WORK INSTRUCTIONS →
From the entries below, return only the lines starting at the one that contains "1967 Lamborghini Miura P400" and ending at the one that contains "Callaway Mavrik Single", exactly as they stand.

SOURCE MATERIAL →
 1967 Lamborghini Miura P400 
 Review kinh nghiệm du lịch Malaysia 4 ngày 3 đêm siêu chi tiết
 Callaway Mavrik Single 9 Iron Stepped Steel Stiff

==

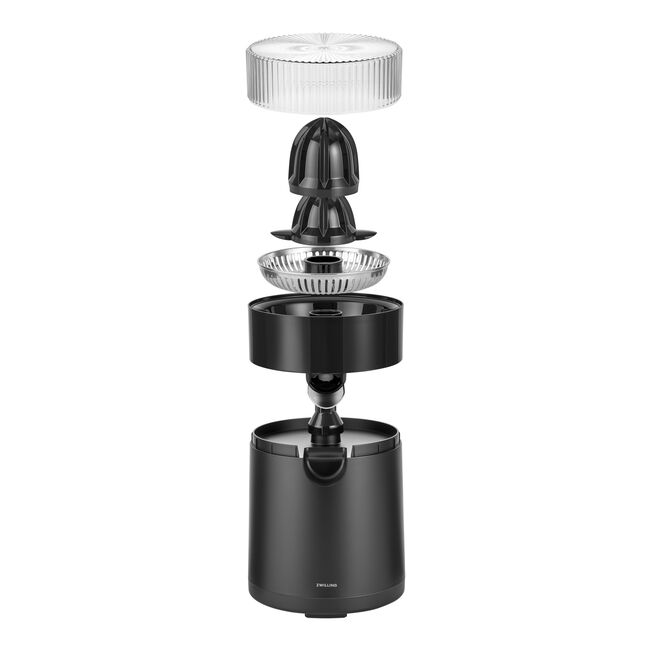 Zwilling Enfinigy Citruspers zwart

* * *

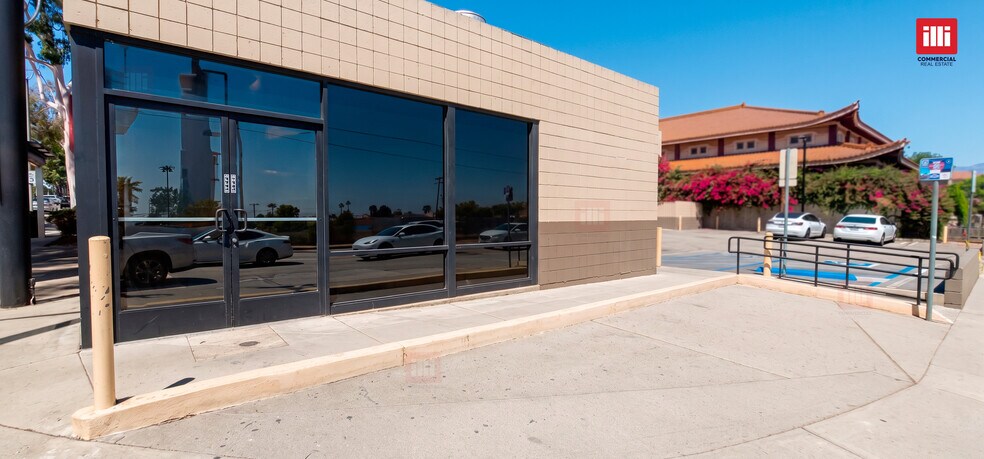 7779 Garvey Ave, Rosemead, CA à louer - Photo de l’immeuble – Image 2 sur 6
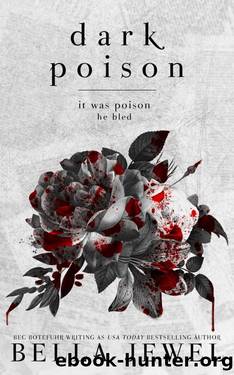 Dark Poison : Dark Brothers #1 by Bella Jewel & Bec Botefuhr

RESPONSE AREA →
 1967 Lamborghini Miura P400 
 Review kinh nghiệm du lịch Malaysia 4 ngày 3 đêm siêu chi tiết
 Callaway Mavrik Single 9 Iron Stepped Steel Stiff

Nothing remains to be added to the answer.